Thursday, February 4, 2010

Gays and the Military

Seventeen years after its implementation, the government is reconsidering the “Don’t Ask, Don’t Tell” policy. Colin Powell has changed his mind. As a liberal and pacifist, I am of two minds. Discrimination is always wrong. If gays and lesbians want to be in the military, they should have the right. As a pacifist, I worry about anyone being in the military. The United States spends more on the military than every other country in the world combined. You must never call America an “empire:” that’s a word that can’t be spoken. Instead, we are a “superpower.” Frankly, it doesn’t sound any better. As our economy collapses, many people have no choice but to become soldiers. It’s easy to think that our employment policies are geared to keeping people poor and uneducated, thus creating cannon fodder. So why shouldn’t gays and lesbians be as free as others to join the military-industrial complex, and be part of the imperial corporations who want to steal oil in the Middle East?

Gay marriage brings up a similar dilemma. I’m not sure what I think of a religious institution that has been used for centuries to ensure that women and children are the property of men. Cynically, comedians say that gays and lesbians should be free to become as miserable as heterosexuals. Civil rights are a matter of common decency, but it seems to me that questions about marriage and the military must still be asked. Maybe the government should be out of the marriage business, and domestic partnerships could be offered to anyone who wants them.

Last summer, Howard Zinn wrote an article for “The Progressive,” in which he challenged the idea of just war. Google it--- it’s worth reading. He discusses our most “justifiable” wars, the Revolutionary, the Civil, and WWII. As Zinn observes, other colonies broke away from England without a shot being fired. Most countries abolished slavery without bloodshed. World War II is a bit trickier; Zinn became a pacifist after being a soldier in that conflict. My great-great-great grandfather, Eber Howe, the Abolitionist journalist, became a pacifist after serving in the War of 1812.
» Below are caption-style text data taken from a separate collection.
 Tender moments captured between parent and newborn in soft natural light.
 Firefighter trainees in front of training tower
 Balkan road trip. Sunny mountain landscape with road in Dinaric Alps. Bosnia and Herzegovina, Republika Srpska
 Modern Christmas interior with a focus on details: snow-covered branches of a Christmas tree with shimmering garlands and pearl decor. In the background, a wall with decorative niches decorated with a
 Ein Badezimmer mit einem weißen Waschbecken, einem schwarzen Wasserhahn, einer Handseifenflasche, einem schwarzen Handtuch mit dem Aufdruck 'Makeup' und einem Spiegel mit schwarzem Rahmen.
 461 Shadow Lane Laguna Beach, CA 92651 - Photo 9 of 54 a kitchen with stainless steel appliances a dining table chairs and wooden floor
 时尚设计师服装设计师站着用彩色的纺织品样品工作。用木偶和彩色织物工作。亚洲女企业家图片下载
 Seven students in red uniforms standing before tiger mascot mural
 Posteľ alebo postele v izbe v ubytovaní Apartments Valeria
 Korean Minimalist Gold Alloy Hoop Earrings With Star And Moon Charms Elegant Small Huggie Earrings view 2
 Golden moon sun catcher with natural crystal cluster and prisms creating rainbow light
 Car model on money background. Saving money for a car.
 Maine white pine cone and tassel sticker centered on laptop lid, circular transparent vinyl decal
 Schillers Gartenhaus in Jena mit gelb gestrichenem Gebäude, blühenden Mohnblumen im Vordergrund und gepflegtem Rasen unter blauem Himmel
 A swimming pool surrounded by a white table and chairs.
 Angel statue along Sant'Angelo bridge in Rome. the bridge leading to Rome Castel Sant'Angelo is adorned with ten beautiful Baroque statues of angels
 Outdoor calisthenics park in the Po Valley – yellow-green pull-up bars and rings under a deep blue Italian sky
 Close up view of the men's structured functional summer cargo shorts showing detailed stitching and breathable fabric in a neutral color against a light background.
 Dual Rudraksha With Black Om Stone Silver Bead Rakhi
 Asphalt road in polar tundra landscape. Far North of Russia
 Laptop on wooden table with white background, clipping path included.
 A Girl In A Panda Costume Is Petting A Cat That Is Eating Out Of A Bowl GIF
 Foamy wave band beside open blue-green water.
We live in a country in which gays and lesbians suffer discrimination. In thirty-three states, you can be fired from a job for being gay. This congress barely passed a hate crimes bill for gays. ENDA is stalled. But then, we have not even passed an Equal Rights Amendment for women. We need a discussion about civil rights for everyone, gays and lesbians, people of color, women, the disabled. It’s too bad that the discussion of gay rights has to be tied to the military, as this prevents real discussion about the military industry.